» **TASK ITEM**
Please reproduce, exactly as given, the lines running from the start of the data to the line containing "I applied the", inclusive, and omit the pictures.

» **RECORD EXTRACTS**
────

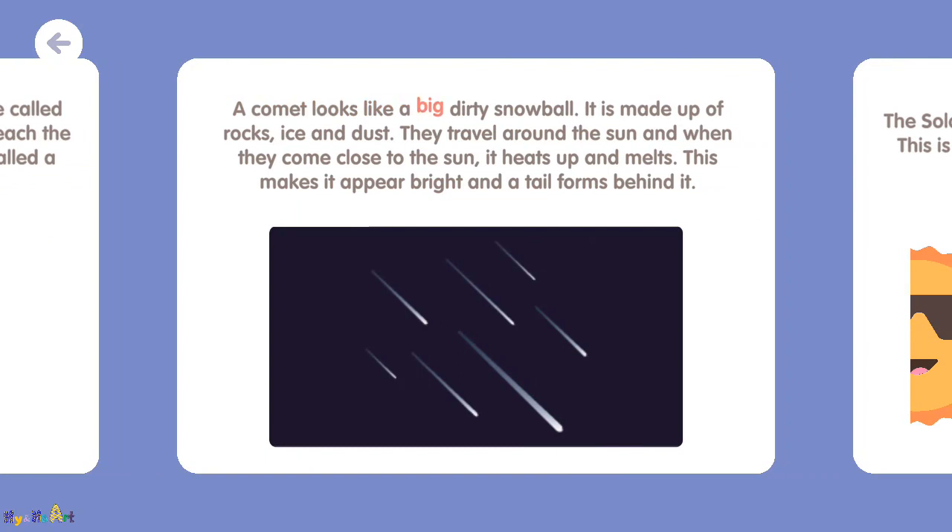A comet looks like a big, dirty snowball. It is made up of rocks, ice, and dust. They travel around the sun, and when they come close to the sun, it heats up and melts. This makes it appear bright and a tail forms behind it.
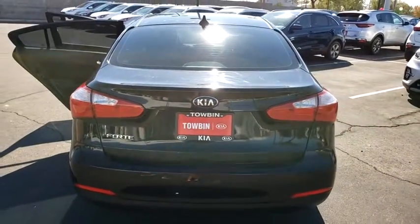This vehicle offers reliability and good looks at a great price. So come in and take a test drive today.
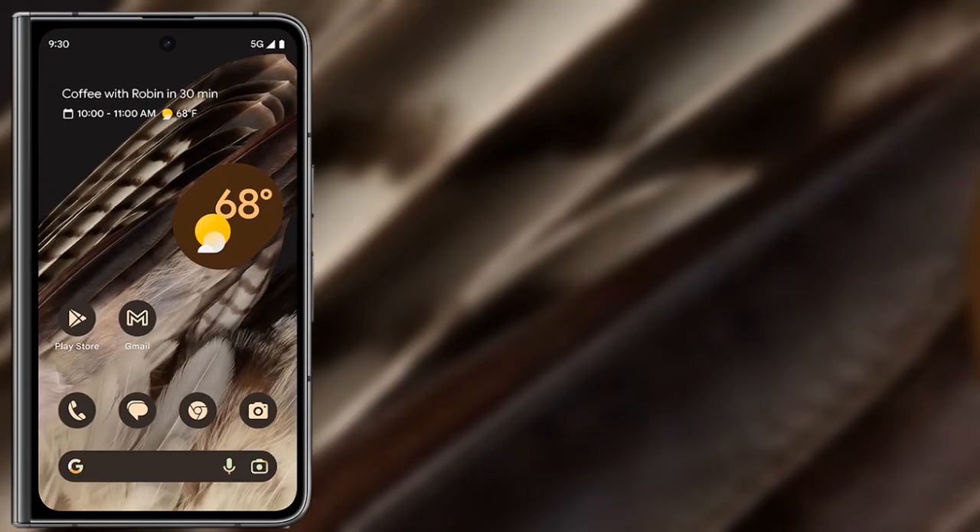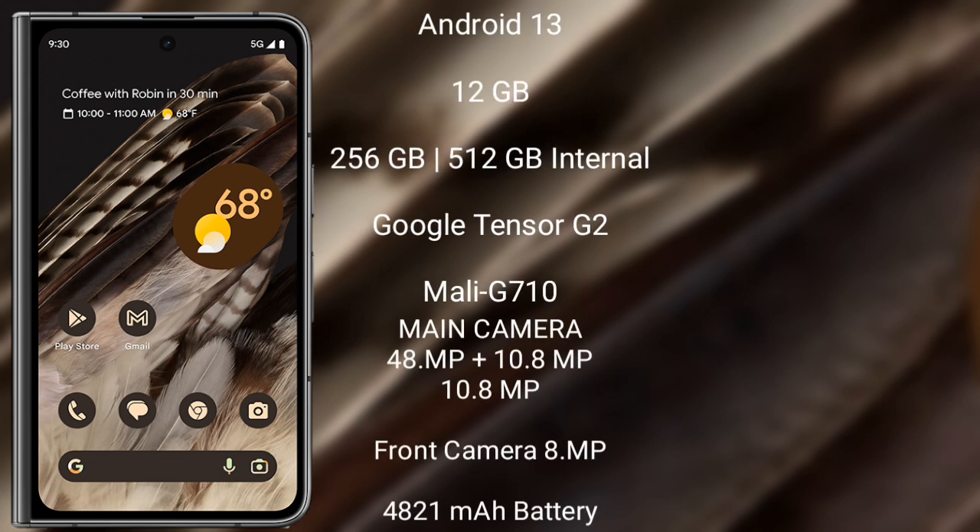Google Pixel Fold runs on the Android 13 operating system. It comes with 12GB RAM and 256GB or 512GB internal storage, powered by the Google Tensor G2 processor and Mali-G710 GPU.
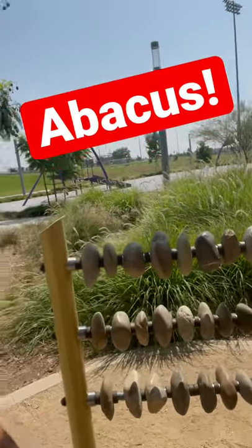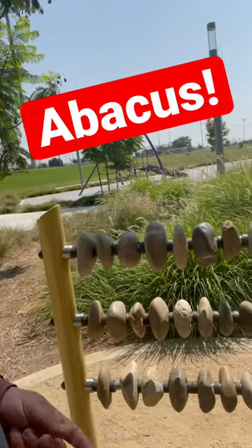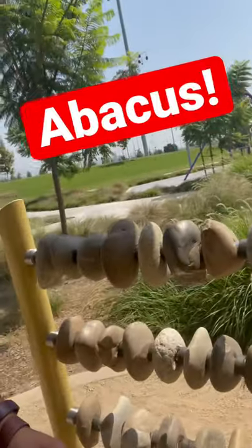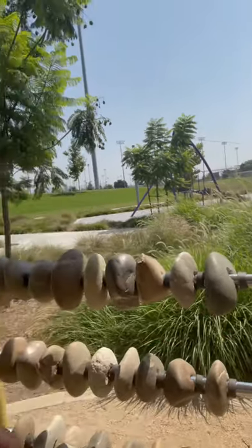A lot of you guys don't know this, but before calculators we used to use these to do our math. You just kind of move it — there you go, there's a one, and then here you have a two.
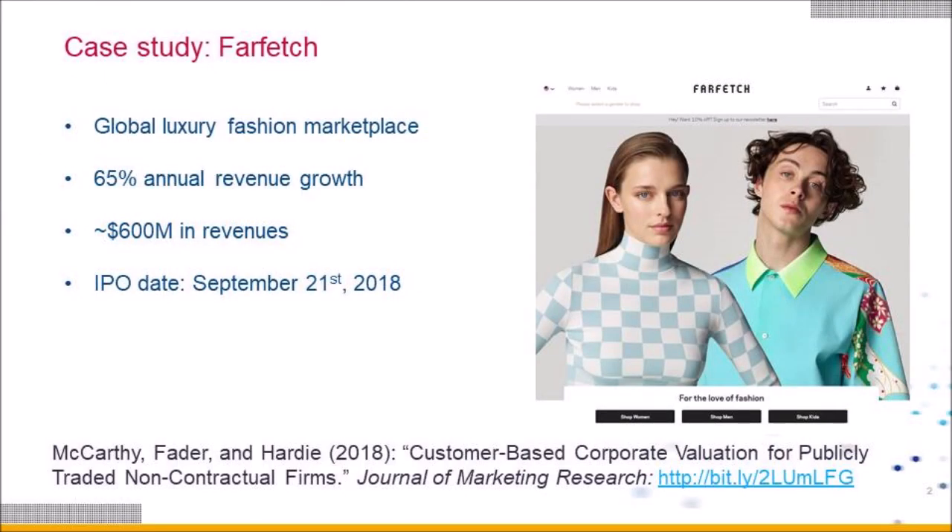I applied the same framework that I put together in a paper I wrote with Wharton professor Peter Fader, published in the Journal of Marketing — linked below — to analyze and forecast what this company will do in future periods.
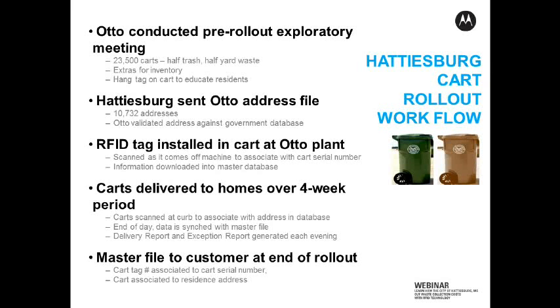So then we've produced all 23,500 carts and we start our rollout. This took about four weeks in Hattiesburg to get them all out into the homes. We're delivering two carts — we've got a yard waste cart, which was the brown one that you see here on this slide, and then a regular municipal solid waste cart, which is the green one. So we deliver both to the curb, and as they're delivered in front of the house, they are scanned by a Motorola handheld. It's reading those tags, and that tag number is being matched to the address that is preloaded onto that handheld — and that is thanks to the Concept2Solution software that's on that handheld.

────

» **WRITTEN RESPONSE**
A comet looks like a big, dirty snowball. It is made up of rocks, ice, and dust. They travel around the sun, and when they come close to the sun, it heats up and melts. This makes it appear bright and a tail forms behind it.
This vehicle offers reliability and good looks at a great price. So come in and take a test drive today.
Google Pixel Fold runs on the Android 13 operating system. It comes with 12GB RAM and 256GB or 512GB internal storage, powered by the Google Tensor G2 processor and Mali-G710 GPU.
A lot of you guys don't know this, but before calculators we used to use these to do our math. You just kind of move it — there you go, there's a one, and then here you have a two.
I applied the same framework that I put together in a paper I wrote with Wharton professor Peter Fader, published in the Journal of Marketing — linked below — to analyze and forecast what this company will do in future periods.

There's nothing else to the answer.